* _EXERCISE AIM_
Where the material below has a line containing "Bedroom Image of", start repeating exactly, and keep going through the line containing "Hyundai Accent II", with no other lines.

* _GIVEN RECORDS_

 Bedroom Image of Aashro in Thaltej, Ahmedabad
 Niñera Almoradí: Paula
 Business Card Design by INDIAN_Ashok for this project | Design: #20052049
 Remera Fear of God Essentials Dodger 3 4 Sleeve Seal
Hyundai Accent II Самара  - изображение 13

...

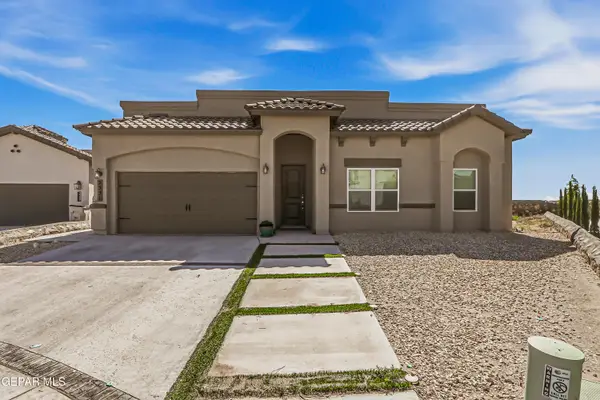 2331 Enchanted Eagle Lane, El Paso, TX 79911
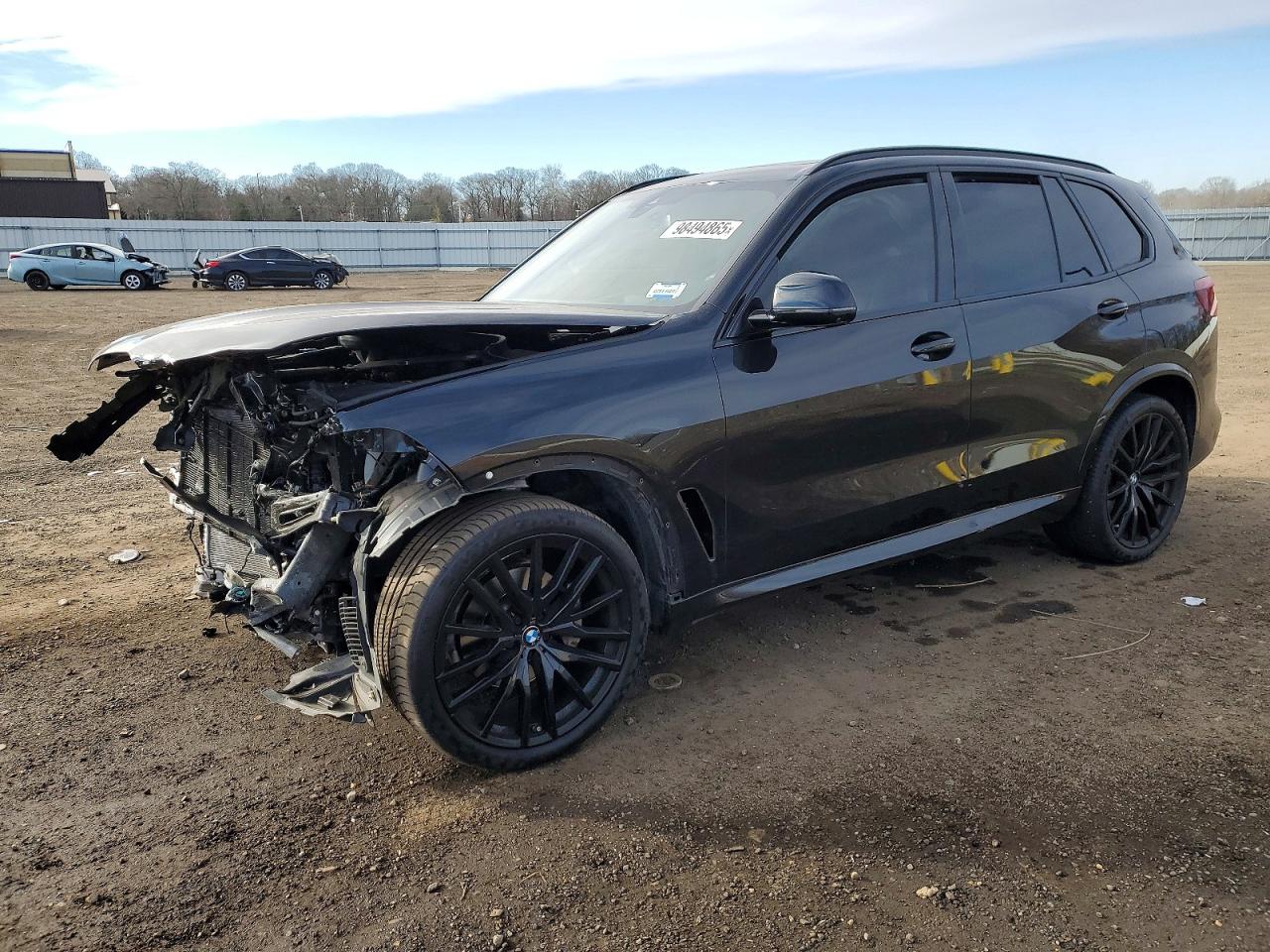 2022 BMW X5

* _SOLUTION TO THIS TASK_
 Bedroom Image of Aashro in Thaltej, Ahmedabad
 Niñera Almoradí: Paula
 Business Card Design by INDIAN_Ashok for this project | Design: #20052049
 Remera Fear of God Essentials Dodger 3 4 Sleeve Seal
Hyundai Accent II Самара  - изображение 13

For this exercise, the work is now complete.